Conseguenza della crisi del '29: il congelamento del sistema creditizio "paralizzato dai prestiti che i prezzi calanti rendono inesigibili". Molto importante la questione del TASSO D'INTERESSE: qui il problema è se esso possa restringere l'instabilità del credito, attenuare la speculazione, impedendole di assumere dimensiomi pericolose".

La vera questione è: quali conseguenze possono derivare dall'intervento sul tasso d'interesse, ovvero dall'interventismo bancario? L'autore risponde: "Non ritengo vi sia modo di sapere a priori se una politica della banca centrale tesa a mantenere costante l'offerta di moneta, o a limitare la liquidità del mercato monetario o ad aumentare il tasso ddi sconto al primo segno di euforia speculativa sia in grado di prevenire le manie che sfociano in crisi, o di correggerle una volta che si siano avviate".

Questo è il parere giudizioso di Kindleberger, per il quale il problema è l'instabilità del credito che si espande e si contrae all'infinito. Egli ricorda che le banche centrali nacquero per controllare il credito mediante il tasso di sconto; quindi intuisce l'oggettiva opposizione dialettica: "Il breve periodo era in conflitto con il lungo, il bene privato in conflitto con il pubblico". "Si tratta di un problema generale, in politica, negli affari, nelle università, ovunque".

A proposito delle truffe e degli scandali che accompagnano le crisi finanziarie, l'autore, dopo aver ricordato che "La linea che separa le azioni morali da quelle immorali oscilla alquanto", sostiene che negli '70 del Novecento c'era più moralità che nel Settecento (il secolo degli eccessi del capitalismo adolescente). Oggi, però, si ricrederebbe perché la fase attuale, senescente del capitalismo, la globalizzazione, ha riportato l'umanità a quegli eccessi, anzi, li ha potenziati.
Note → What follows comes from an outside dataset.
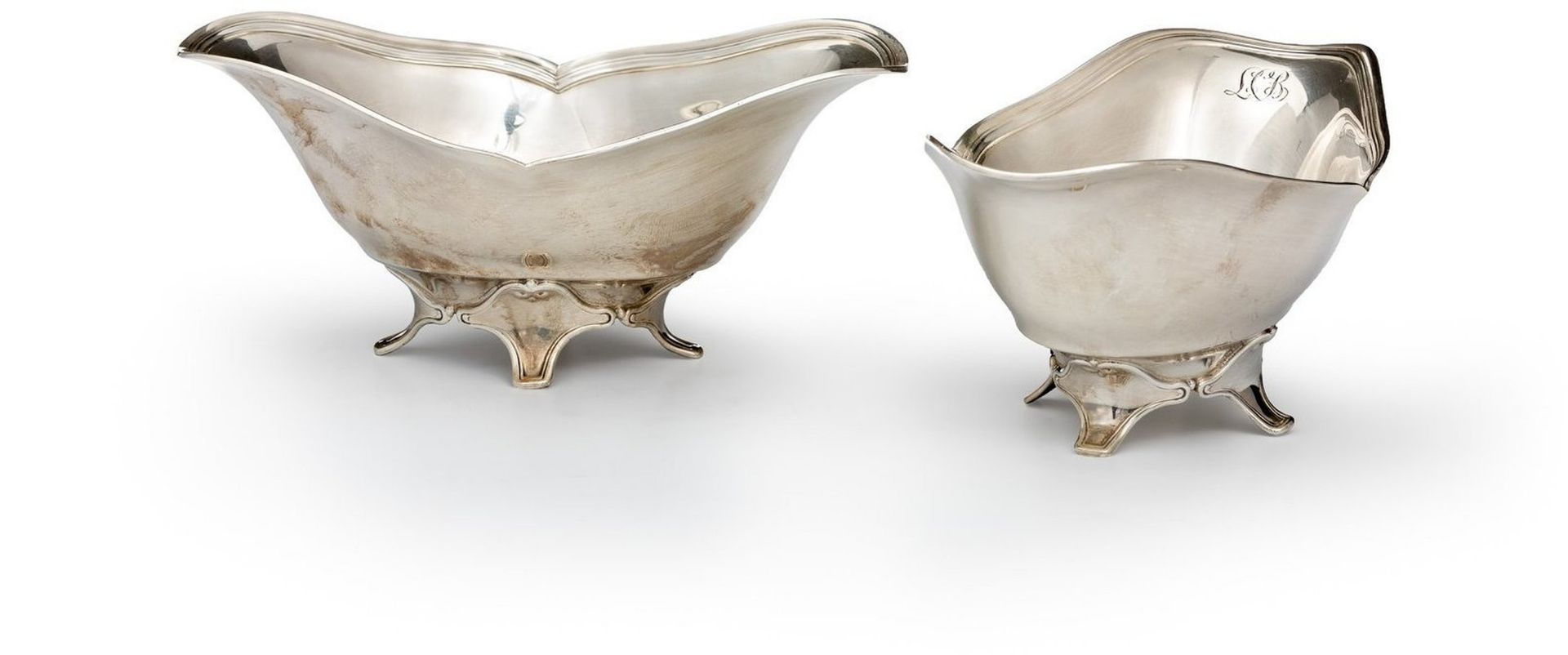 Ein Paar schiffchenförmige Schalen auf vier Pfostenfüßen John Moore II, Tiffany & Co., New York, um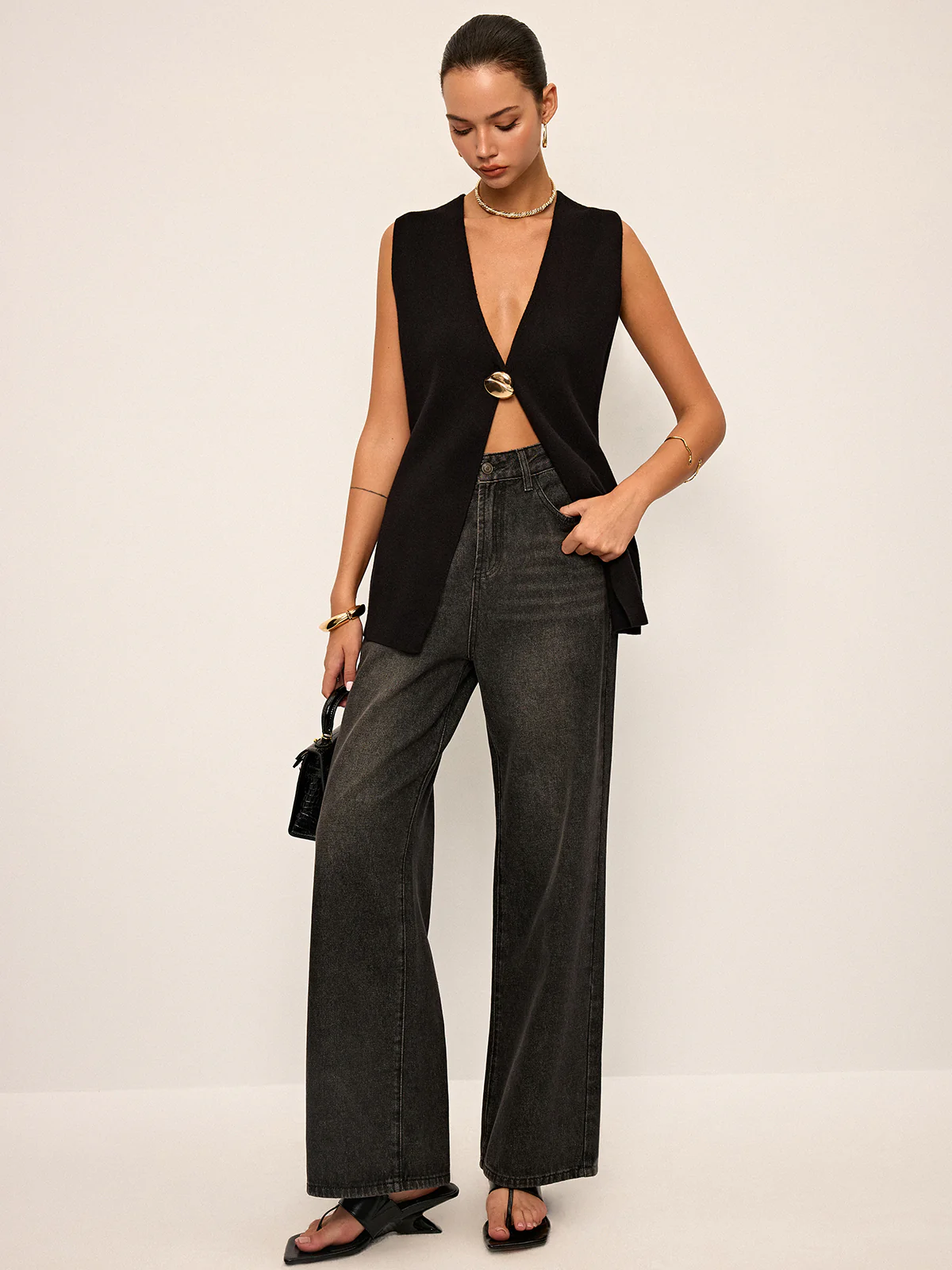 Metal Detail Sleeveless Vest - Takermore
L'autore, comunque, si mostra beffardo nei confronti dei truffati, citando un detto del satirico romano Petronio: "mundus vult decipi, ergo decipiatur", "il mondo vuole essere ingannato, dunque sia ingannato". Ma perchè non si pensa, invece, di deludere le aspettative del mondo togliendolo dall'inganno? Questo è il problema: mentre è facile mentire, ingannare, ecc. è quasi impossibile dire il vero, perché difficile è la reale conoscenza scientifica. Certe volte viene da pensare che la propensione alla menzogna sia dovuta più all'incoscienza dell'ignoranza che alla cosciente volontà di mentire.

Molti se la prendono con i banchieri attribuendo loro una conoscenza precisa dei meccanismi economici e una conseguente precisa volontà di truffare a proprio vantaggio. Ciò presupporrebbe che la pratica monetaria, bancaria, avesse un fondamento scientifico. Ma se così fosse, perché i banchieri dovrebbero essere presi dal panico ad ogni crisi? E, anzi, perché dovrebbero esistere le crisi, se essi fossero in grado di conoscere scientificamente i meccanismi monetari, e dunque fossero in grado di intervenire sempre in maniera scientifica?  E qui chiudo, lasciando in sospeso la risposta.